Mutating routes are leader-only. A follower replies 421 Misdirected Request with the leader's address in the body; clients should follow that and retry against the leader.

PostgreSQL is the exception — it is provisioned per-instance, not per-cluster (POST /admin/api/postgres takes a single instanceId + nodeId).

Install a cluster

The provisioner shape is component-specific but every payload includes at minimum:

  • clusterId — optional; auto-generated <comp>-<8hex> when blank.
  • The node lists per role (coordinatorNodes, workerNodes, masterNodes, serverNodes, …) — each entry is an NM nodeId. Repeat the same nodeId twice to land two instances on the same host.

Optional integrations are auto-discovered. For Trino, Spark, and Flink, supplying just an ontulAuthzToken is enough — chango finds the first running Ontul cluster and wires its admin port as the authz endpoint. For Polaris and the Trino resource-group manager, supplying a pgInstanceId (chango-installed PostgreSQL) is enough — chango fills host / port / superuser from its own records.

Start / stop / restart

All three are idempotent. Calling start on an already-RUNNING cluster is a no-op (per-instance). Calling restart walks the cluster in START_ORDER reverse for the stop pass, then in START_ORDER forward for the start pass — Trino: workers stop first, coordinator stops last, coordinator starts first, workers start last.

Configure

Most components have a Configure panel in the admin UI with multiple tabs:

  • Properties — operator-tunable keys in the component's main config file (e.g. Trino's config.properties). Per-instance keys (http-server.http.port, discovery.uri) are filtered out — those are owned by the provisioner.
  • JVM — per-role JVM tuning (heapMin, heapMax, extra -X flags).
  • Component-specific tabs — Trino has Exchange Manager, Resource Group DB, Ontul Authz; Spark has Ontul Authz, Job Log Storage; NeoRunBase has PG Connection.

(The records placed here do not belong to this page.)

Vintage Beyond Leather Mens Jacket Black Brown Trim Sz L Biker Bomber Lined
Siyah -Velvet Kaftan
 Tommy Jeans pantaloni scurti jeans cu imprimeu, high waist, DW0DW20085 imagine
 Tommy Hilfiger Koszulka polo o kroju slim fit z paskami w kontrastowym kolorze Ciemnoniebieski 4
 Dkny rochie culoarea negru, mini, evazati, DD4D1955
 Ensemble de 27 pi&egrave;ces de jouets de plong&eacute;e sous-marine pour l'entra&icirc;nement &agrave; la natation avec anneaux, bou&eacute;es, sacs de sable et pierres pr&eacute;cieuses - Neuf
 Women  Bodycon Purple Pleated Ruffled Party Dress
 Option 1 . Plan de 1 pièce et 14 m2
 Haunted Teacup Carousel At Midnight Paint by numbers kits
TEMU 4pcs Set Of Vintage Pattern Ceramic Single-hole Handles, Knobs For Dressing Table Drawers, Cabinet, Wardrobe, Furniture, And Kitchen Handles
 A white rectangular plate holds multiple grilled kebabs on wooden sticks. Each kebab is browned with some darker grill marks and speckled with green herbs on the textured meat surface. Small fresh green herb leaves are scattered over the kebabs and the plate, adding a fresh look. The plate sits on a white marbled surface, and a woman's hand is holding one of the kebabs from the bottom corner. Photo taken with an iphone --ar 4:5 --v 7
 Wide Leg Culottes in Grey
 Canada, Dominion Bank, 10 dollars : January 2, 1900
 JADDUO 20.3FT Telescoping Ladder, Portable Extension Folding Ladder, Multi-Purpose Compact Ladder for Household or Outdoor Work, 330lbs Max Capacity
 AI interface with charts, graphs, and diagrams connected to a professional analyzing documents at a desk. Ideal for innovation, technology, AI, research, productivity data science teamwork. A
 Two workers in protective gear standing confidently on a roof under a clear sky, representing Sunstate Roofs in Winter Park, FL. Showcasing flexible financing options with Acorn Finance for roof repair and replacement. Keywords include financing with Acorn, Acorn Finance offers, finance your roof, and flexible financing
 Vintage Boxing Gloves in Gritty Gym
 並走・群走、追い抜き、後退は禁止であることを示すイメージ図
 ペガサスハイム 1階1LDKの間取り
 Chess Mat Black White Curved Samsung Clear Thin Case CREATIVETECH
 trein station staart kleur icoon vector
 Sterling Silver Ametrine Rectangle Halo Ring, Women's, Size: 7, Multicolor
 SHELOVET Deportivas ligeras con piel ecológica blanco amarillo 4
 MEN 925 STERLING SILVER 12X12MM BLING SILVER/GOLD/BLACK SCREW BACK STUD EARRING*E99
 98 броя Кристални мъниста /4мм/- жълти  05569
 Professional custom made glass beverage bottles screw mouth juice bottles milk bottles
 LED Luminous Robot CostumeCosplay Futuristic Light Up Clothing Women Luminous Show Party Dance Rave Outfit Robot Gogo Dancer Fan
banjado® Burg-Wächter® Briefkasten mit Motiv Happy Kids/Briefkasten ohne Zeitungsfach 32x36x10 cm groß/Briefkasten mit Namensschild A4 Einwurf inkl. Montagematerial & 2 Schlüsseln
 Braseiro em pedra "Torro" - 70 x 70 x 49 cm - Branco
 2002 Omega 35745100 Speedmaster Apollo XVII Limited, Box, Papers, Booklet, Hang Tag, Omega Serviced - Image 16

Each tab updates a narrowly-scoped slice of the cluster's config without touching the others.

Apply triggers a config re-render on every instance and a full cluster restart. The exception is Configure → "Job Log Storage" on Spark, which re-renders spark-defaults.conf and restarts the cluster, and the exchange-manager tab on Trino, which rewrites etc/exchange-manager.properties on every instance.

Scale

Add an instance by listing its target NM. The provisioner allocates fresh ports, installs the package, and starts the new instance, joining it to the existing cluster (worker → existing master URL, broker → existing kafka cluster, …). Removing an instance walks the inverse path.

Components that require an odd quorum (ZooKeeper, NeoRunBase ZK) refuse a scale request that would leave the cluster with an even count.

Logs

Every component page has a Logs panel per instance — the master streams a tail over the internal NIO protocol from the NM hosting the instance. See Logging for the file locations and the REST endpoint.

Nginx

Several components (ShannonStore, Ontul, NeoRunBase, Polaris, Itdastream Schema Registry, Kafka Schema Registry, Mium, kiok, UI Proxy) ship a per-cluster nginx reverse proxy you can opt into from the admin UI. See Nginx Reverse Proxy.

Spark / Trino / Flink intentionally do not ship a per-cluster nginx — their UIs are exposed through the UI Proxy instead, with Ontul-based authentication.

Deleting

Delete is destructive — the component's install dir and any chango-owned data dir is removed:

curl -X DELETE -H "Authorization: Bearer $TOK" \
  $BASE/admin/api/trino/trino-prod

Component data outside the install dir (Iceberg files on S3, NeoRunBase data dirs, Kafka log segments) is not removed — chango does not own data-plane state. Clean that up at the data-plane layer if you need a full reset.

The deleted clusterId is free to reuse immediately.